There's a lot of great information on driving DC brushed motors from h-bridges. Preventing back-emf with diodes and bulk capacitance from electrolytic capacitors
When designing a high powered h bridge driver, people agree that bulk capacitance is required. It helps absorb the power surges when changes directions, braking, or back-emf. It also helps to avoid a voltage sag on the main rail.
It seems that people will throw as much large electrolytics in parallel as they can, hoping it is enough. To calculate how much is required, there isn't much information available. Other than saying the peak current, wire inductance, battery impedance, etc is required, then not showing what to do with that.
Is there any practical way to determine the amount of bulk capacitance required? My application is a super compact, 45A+ 4s H-Bridge driver. I can't afford the space to just blindly throw capacitors on and hope for the best.
I know there's not a great exact way to calculate this, but there has to be some way to get close.
Best Answer
By '4S' I presume you mean a 14.8 V Li-ion battery. This is good because the battery makes a relatively 'stiff' power source (unlike a power supply which might not be able to absorb much current). The main problem you have is the inductance of the battery leads, and the main thing to worry about is the voltage rating of the H-bridge FETs.
When PWM is applied the battery current is a 'square' wave, and the simplified circuit looks like this:-
simulate this circuit – Schematic created using CircuitLab
At the moment the FET switches off the battery current will start dropping, but this induces a voltage across the inductor which prevents the current from dropping instantly. The current then flows through the bulk capacitor which drops voltage across its internal resistance, raising the input voltage of the controller.
If the current was 45 A and the capacitor ESR was 1 Ω then the voltage would momentarily rise by 45 V. Since the capacitor is already charged up to battery voltage, the controller input voltage would rise to 14.8 + 45 = ~60 V. If the FET is only rated for 30 V then you have a problem! When the FET is turned on a similar action occurs, only this time the controller input voltage drops - possibly low enough to upset its operation - or even go negative and blow up components. So the main thing you need is low enough ESR to keep the voltage spikes down.

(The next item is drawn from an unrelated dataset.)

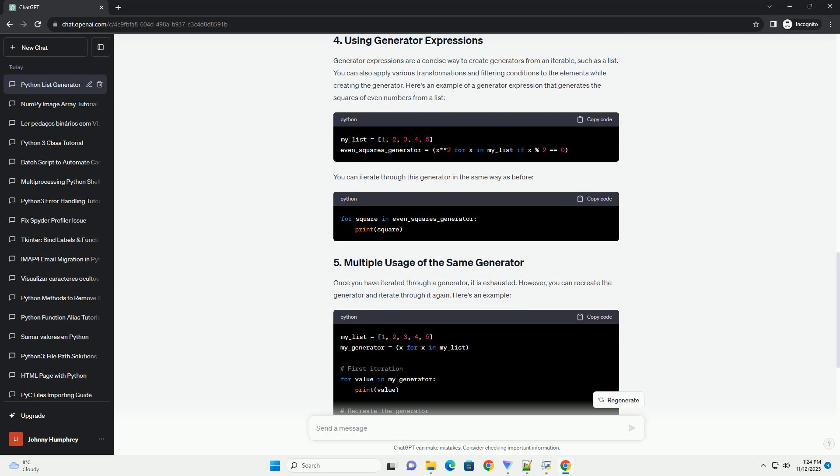It's important to note that once you have iterated through a generator, it is exhausted, and you cannot iterate through it again without recreating it.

Secondary requirement is enough capacitance to not charge significantly as the inductance discharges. If that happens you get ringing, which can raise the peak voltage even with (or even more with) low ESR. Increasing capacitance lowers Q and reduces ringing.
For normal wiring lengths with the wires close together to minimize loop inductance, if Al electrolytic capacitors are used then once you have low enough ESR the capacitance will probably be large enough. So just calculate the required ESR, eg.:-
FET voltage rating 30 V, derate to 25 V for safety. Maximum pulse current 45 A, maximum battery voltage 16.8 V, maximum permissible voltage rise 25 - 16.8 = ~8 V. 8 / 45 = 0.18 Ω total ESR.
Final issue is capacitor ripple current, which depends on battery ESR, wiring inductance, and PWM frequency, as well as capacitance and capacitor ESR. We could do all the calculations to work it out by hand, but it would be tedious. To calculate wiring inductance, go here. A good simulator can do the calculations for you if everything is set up right, but it might be quicker and easier to just blindly throw as many capacitors on as you can and see what happens!